Beginning with the line of the entries below that holds "full bathroom featuring" and ending with the line that holds "Slide: The Image", transcribe each line exactly as written. Pictures stay out.

## The data
▬▬▬

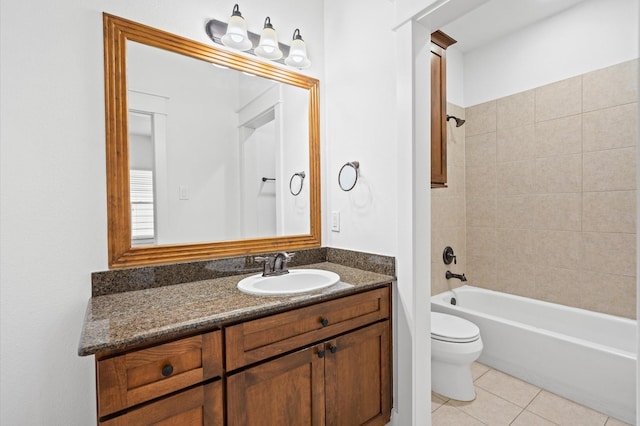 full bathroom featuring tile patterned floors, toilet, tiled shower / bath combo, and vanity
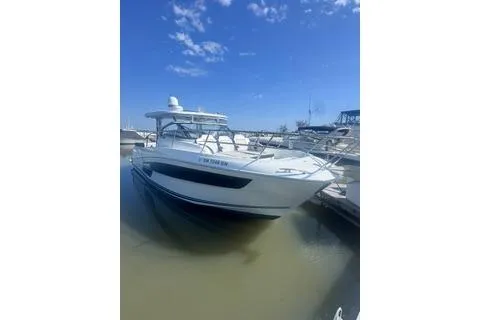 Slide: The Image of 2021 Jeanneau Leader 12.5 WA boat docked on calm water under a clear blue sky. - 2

▬▬▬

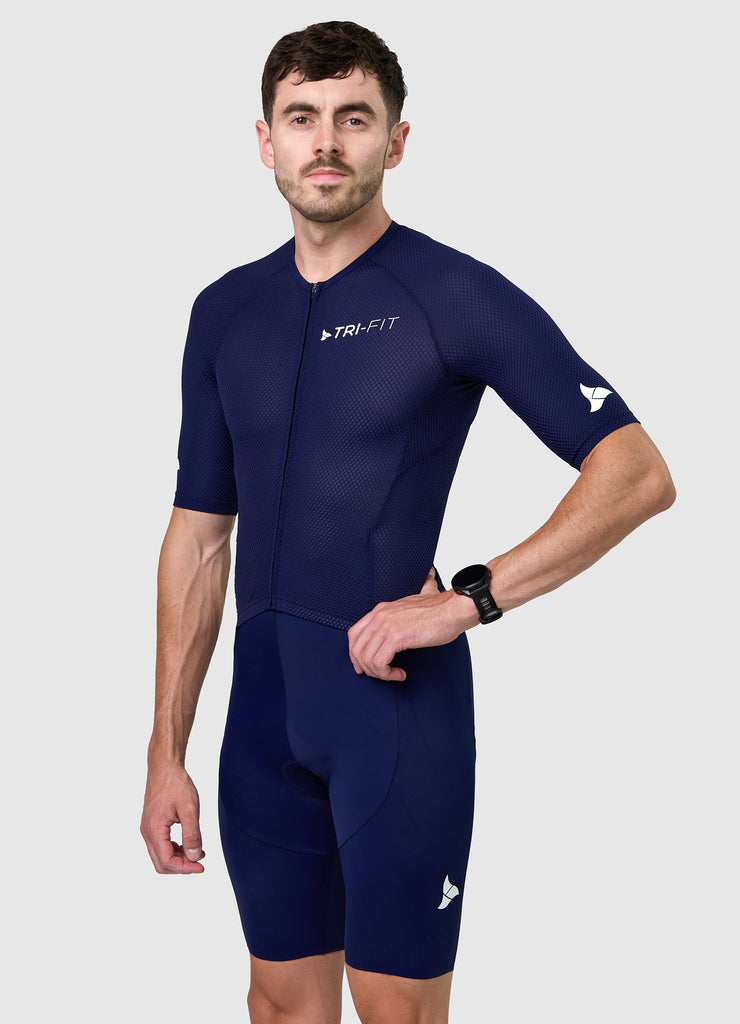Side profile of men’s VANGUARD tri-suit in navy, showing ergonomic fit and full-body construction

▬▬▬

## Response area
 full bathroom featuring tile patterned floors, toilet, tiled shower / bath combo, and vanity
 Slide: The Image of 2021 Jeanneau Leader 12.5 WA boat docked on calm water under a clear blue sky. - 2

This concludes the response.